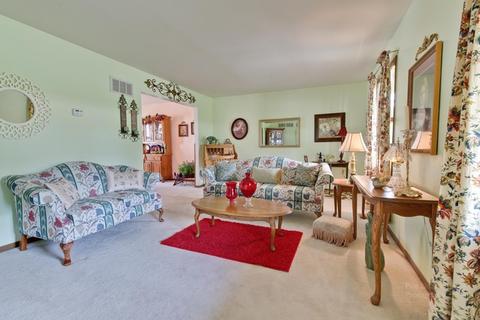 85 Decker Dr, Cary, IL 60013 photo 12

--

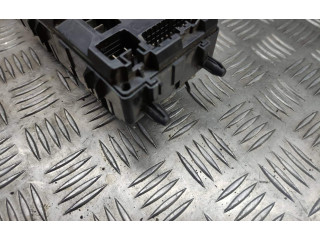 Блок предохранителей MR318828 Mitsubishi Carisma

--

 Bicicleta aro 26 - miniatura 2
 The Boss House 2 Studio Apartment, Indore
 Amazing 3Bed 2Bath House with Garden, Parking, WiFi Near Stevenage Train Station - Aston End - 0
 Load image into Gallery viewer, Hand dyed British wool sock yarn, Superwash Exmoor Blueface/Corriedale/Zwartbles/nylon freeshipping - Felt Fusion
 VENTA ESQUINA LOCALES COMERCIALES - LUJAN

* _YOUR TASK_: Your answer should consist of the lines from the line with "Amazing 3Bed 2Bath" to the line with "VENTA ESQUINA LOCALES COMERCIALES - LUJAN" above, repeated exactly, both ends included.

* _FINAL ANSWER_:
 Amazing 3Bed 2Bath House with Garden, Parking, WiFi Near Stevenage Train Station - Aston End - 0
 Load image into Gallery viewer, Hand dyed British wool sock yarn, Superwash Exmoor Blueface/Corriedale/Zwartbles/nylon freeshipping - Felt Fusion
 VENTA ESQUINA LOCALES COMERCIALES - LUJAN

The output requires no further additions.